= THE TASK =
The answer must consist solely of the lines from the one containing "Hal Sulit Bagi Crystal Palace Musim Ini" through the last line of the records below, repeated exactly, with all pictures omitted.

(Stored items)
────────────────────────────────────────
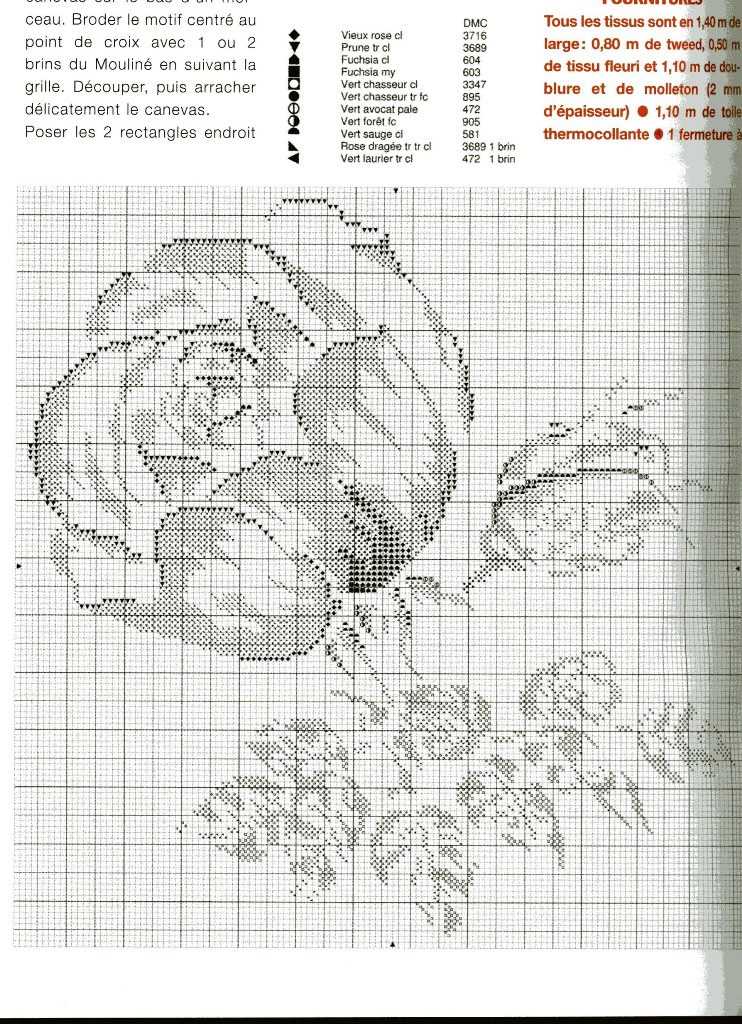 Schema punto croce Rosa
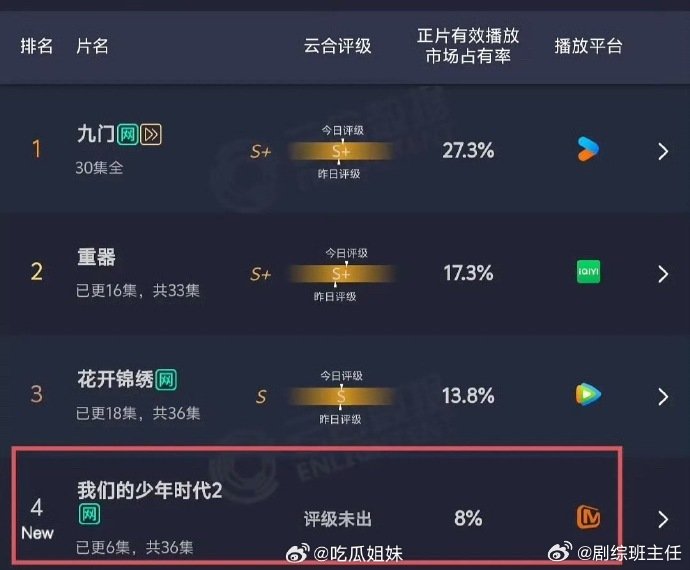 我们的少年时代2被指是剧版牛来我们的少年时代2被指剧版牛来 我们的少年时代2被指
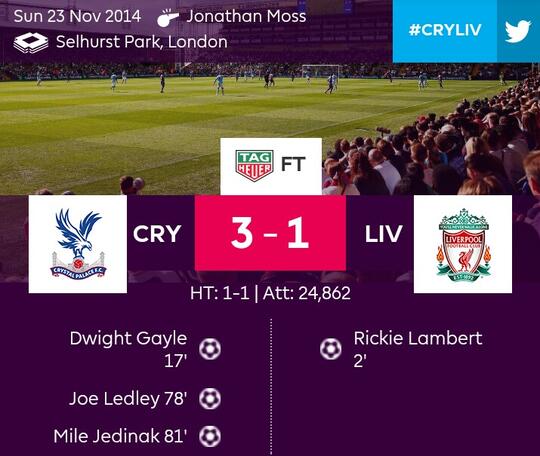 Hal Sulit Bagi Crystal Palace Musim Ini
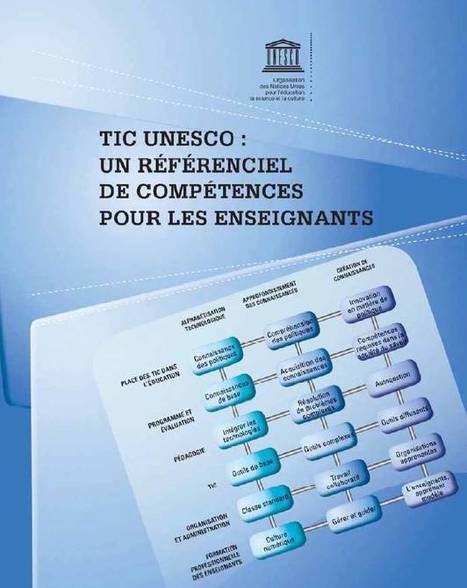 UNESCO: un référentiel de compétences Tice pour les enseignants | DIGITAL LEARNING | Scoop.it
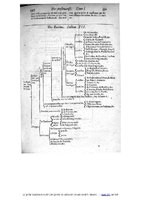 1609 - Étienne Gamonet - Grand dispensaire ou Trésor général et particulier des préservatifs - BIU Santé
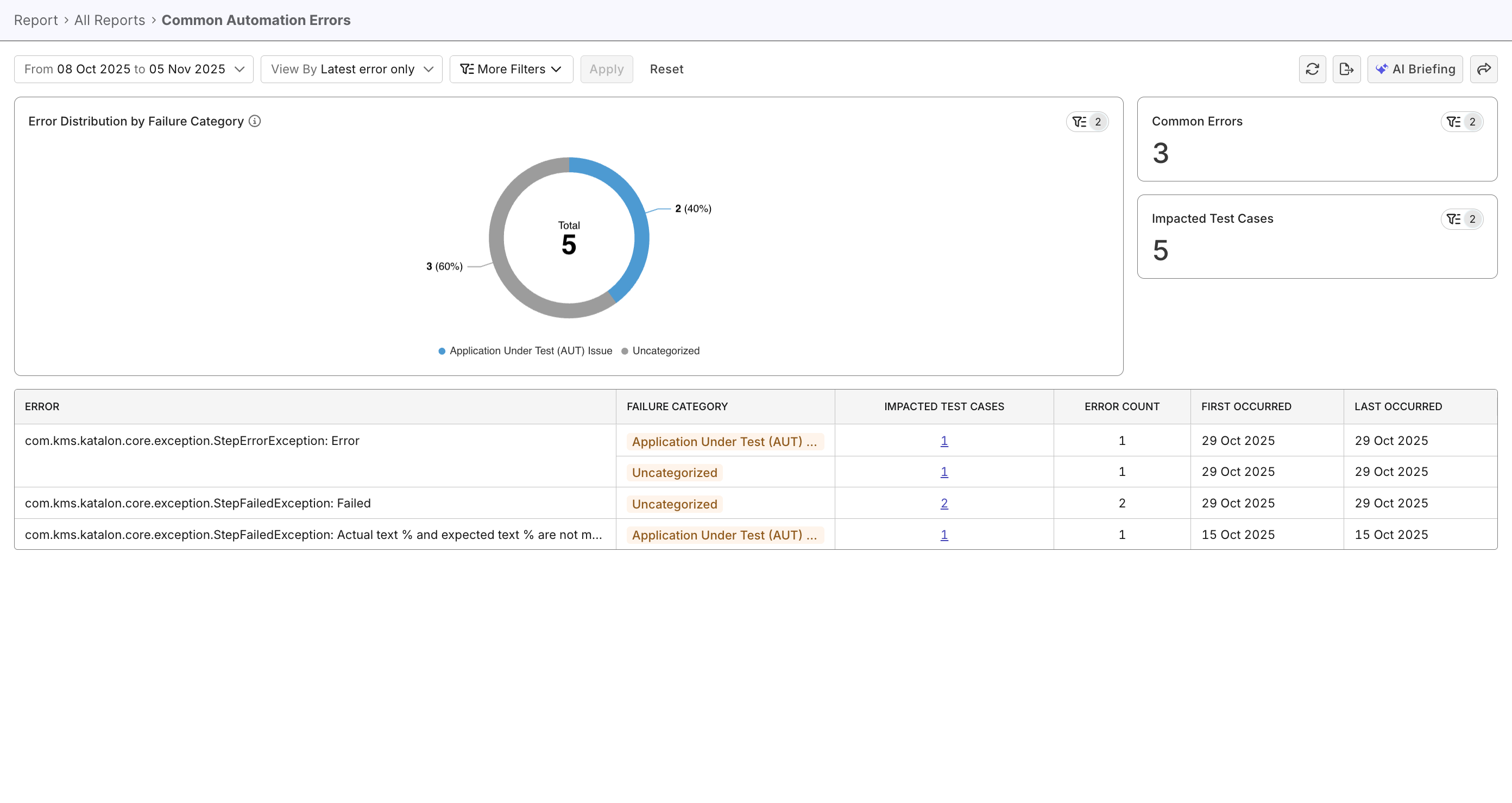 common automation error report in katalon testops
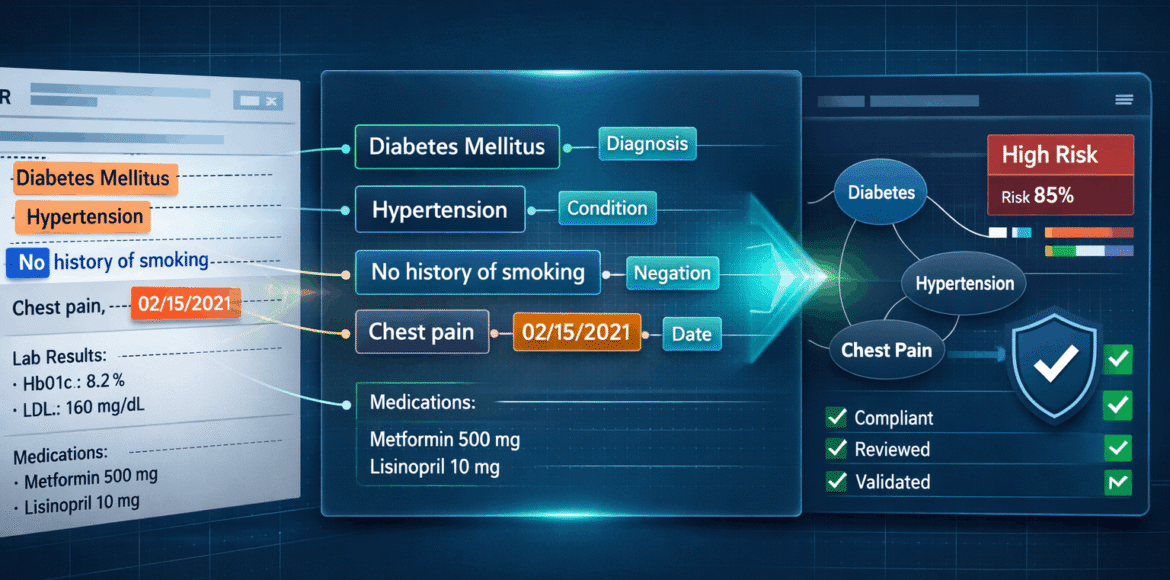 Medical Text Data Annotation Requires Clinical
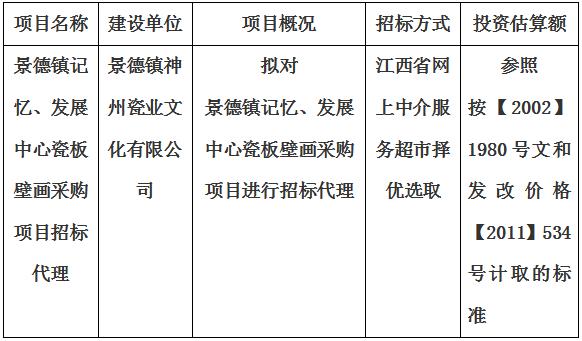 景德鎮(zhèn)記憶、發(fā)展中心瓷板壁畫采購(gòu)項(xiàng)目招標(biāo)代理計(jì)劃公告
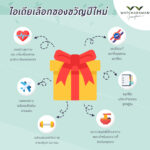 ไอเดียของขวัญวันปีใหม่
────────────────────────────────────────
= EXERCISE RESULT =
 Hal Sulit Bagi Crystal Palace Musim Ini
 UNESCO: un référentiel de compétences Tice pour les enseignants | DIGITAL LEARNING | Scoop.it
 1609 - Étienne Gamonet - Grand dispensaire ou Trésor général et particulier des préservatifs - BIU Santé
 common automation error report in katalon testops
 Medical Text Data Annotation Requires Clinical
 景德鎮(zhèn)記憶、發(fā)展中心瓷板壁畫采購(gòu)項(xiàng)目招標(biāo)代理計(jì)劃公告
 ไอเดียของขวัญวันปีใหม่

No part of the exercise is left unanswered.